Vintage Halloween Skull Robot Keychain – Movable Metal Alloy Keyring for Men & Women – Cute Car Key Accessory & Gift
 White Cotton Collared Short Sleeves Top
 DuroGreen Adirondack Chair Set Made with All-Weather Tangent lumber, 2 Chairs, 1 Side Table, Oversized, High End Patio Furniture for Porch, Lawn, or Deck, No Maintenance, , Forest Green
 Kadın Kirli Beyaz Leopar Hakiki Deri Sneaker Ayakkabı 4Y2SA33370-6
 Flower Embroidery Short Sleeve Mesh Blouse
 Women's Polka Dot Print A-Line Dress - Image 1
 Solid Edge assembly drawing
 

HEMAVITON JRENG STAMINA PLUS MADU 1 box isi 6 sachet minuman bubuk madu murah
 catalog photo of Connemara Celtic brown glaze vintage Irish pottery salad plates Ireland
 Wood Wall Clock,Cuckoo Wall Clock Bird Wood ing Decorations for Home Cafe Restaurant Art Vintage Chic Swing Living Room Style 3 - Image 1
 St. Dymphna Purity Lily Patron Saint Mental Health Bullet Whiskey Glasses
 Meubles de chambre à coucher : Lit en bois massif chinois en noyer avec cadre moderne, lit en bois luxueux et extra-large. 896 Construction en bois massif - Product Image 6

****************

▶ [Task to carry out] Everything from the line with "Wood Wall Clock,Cuckoo" to the last line of the data is what to return, word for word; leave out the rest.

▶ [Result of the task]
 Wood Wall Clock,Cuckoo Wall Clock Bird Wood ing Decorations for Home Cafe Restaurant Art Vintage Chic Swing Living Room Style 3 - Image 1
 St. Dymphna Purity Lily Patron Saint Mental Health Bullet Whiskey Glasses
 Meubles de chambre à coucher : Lit en bois massif chinois en noyer avec cadre moderne, lit en bois luxueux et extra-large. 896 Construction en bois massif - Product Image 6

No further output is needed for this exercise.